Exam Tip: Use the identity cosec² θ - cot² θ = 1 to rewrite one variable in terms of the other - this reduces the complexity of the algebra.

 

Question 5(iii). Prove the following trigonometry identity: (sin θ + cos θ)(cosec θ - sec θ) = cosec θ.sec θ - 2 tan θ
Answer: Working from the left side, we have \( (sin θ + cos θ)(cosec θ - sec θ) \). Substituting the reciprocal definitions, this becomes \( (sin θ + cos θ) × ( \frac{1}{sin θ} - \frac{1}{cos θ} ) \). Simplifying the bracket yields \( (sin θ + cos θ) × \frac{cos θ - sin θ}{sin θ cos θ} \). Expanding gives \( \frac{sin θ cos θ - sin^2 θ + cos^2 θ - sin θ cos θ}{sin θ cos θ} \), which reduces to \( \frac{cos^2 θ - sin^2 θ}{sin θ cos θ} \). Using the identity \( cos^2 θ = 1 - sin^2 θ \), this becomes \( \frac{1 - 2 sin^2 θ}{sin θ cos θ} \). Breaking this into two fractions, we get \( \frac{1}{sin θ cos θ} - \frac{2 sin^2 θ}{sin θ cos θ} \), which simplifies to \( cosec θ sec θ - 2 tan θ \), proving the identity.
In simple words: Start with the left side. Change cosec and sec to their reciprocal forms, then multiply out and simplify using basic trig identities until you reach the right side.

Exam Tip: Always convert cosec and sec to fractions with sin and cos right at the start. Group like terms carefully when expanding, and use \( sin^2 θ + cos^2 θ = 1 \) to simplify.

 

Question 6(i). Prove the following identities, where the angles involved are acute angles for which the trigonometric ratios are defined: sec⁴ A(1 - sin⁴ A) - 2 tan² A = 1
Answer: Starting with the left side, expand \( sec^4 A(1 - sin^4 A) \) as \( \frac{1}{cos^4 A} × (1 - sin^4 A) \). Factor \( 1 - sin^4 A = (1 + sin^2 A)(1 - sin^2 A) = (1 + sin^2 A)cos^2 A \). Substituting yields \( \frac{(1 + sin^2 A)cos^2 A}{cos^4 A} = \frac{1 + sin^2 A}{cos^2 A} \). Now subtract \( 2 tan^2 A = \frac{2 sin^2 A}{cos^2 A} \), giving \( \frac{1 + sin^2 A - 2 sin^2 A}{cos^2 A} = \frac{1 - sin^2 A}{cos^2 A} \). Since \( 1 - sin^2 A = cos^2 A \), we have \( \frac{cos^2 A}{cos^2 A} = 1 \), completing the proof.
In simple words: Use the difference of squares to factor \( 1 - sin^4 A \). Then carefully combine all the fractions and use the main identity \( sin^2 A + cos^2 A = 1 \) to finish.

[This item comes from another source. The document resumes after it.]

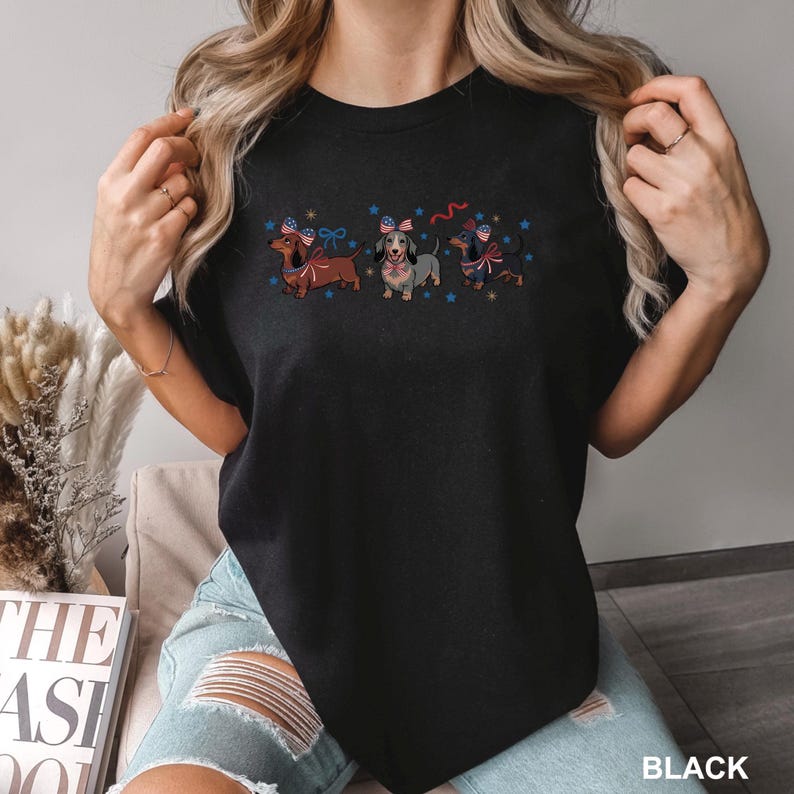 May include: Black t-shirt featuring three dachshunds with patriotic bow ties and star accents. The dogs are in shades of brown, gray, and black. The word "BLACK" is printed at the bottom right.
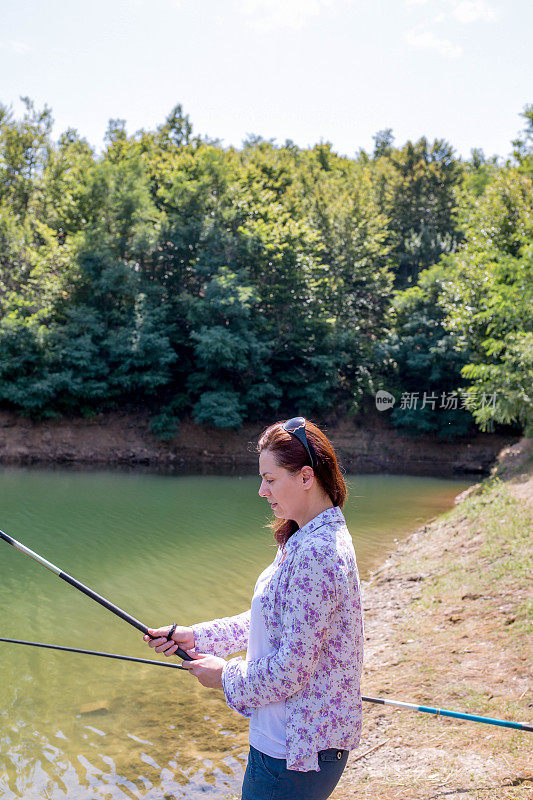 一个年轻女子在一个夏日阳光灿烂的晚上钓鱼。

Exam Tip: Recognize \( 1 - sin^4 A \) as a difference of squares immediately - this is the key factorization. Watch your arithmetic when combining the final fractions.

 

Question 6(ii). Prove the following identities, where the angles involved are acute angles for which the trigonometric ratios are defined: \( \frac{1}{sin A + cos A + 1} + \frac{1}{sin A + cos A - 1} = sec A + cosec A \)
Answer: Take the left side and find a common denominator, combining the two fractions into \( \frac{(sin A + cos A - 1) + (sin A + cos A + 1)}{(sin A + cos A + 1)(sin A + cos A - 1)} \). The numerator simplifies to \( 2(sin A + cos A) \). For the denominator, use the difference of squares pattern: \( (sin A + cos A + 1)(sin A + cos A - 1) = (sin A + cos A)^2 - 1 = sin^2 A + cos^2 A + 2 sin A cos A - 1 = 2 sin A cos A \). So the fraction becomes \( \frac{2(sin A + cos A)}{2 sin A cos A} = \frac{sin A}{sin A cos A} + \frac{cos A}{sin A cos A} = cosec A + sec A \), confirming the identity.
In simple words: Add the two fractions by finding a common denominator. Use the difference of squares formula in the denominator, then split the result into two simpler fractions.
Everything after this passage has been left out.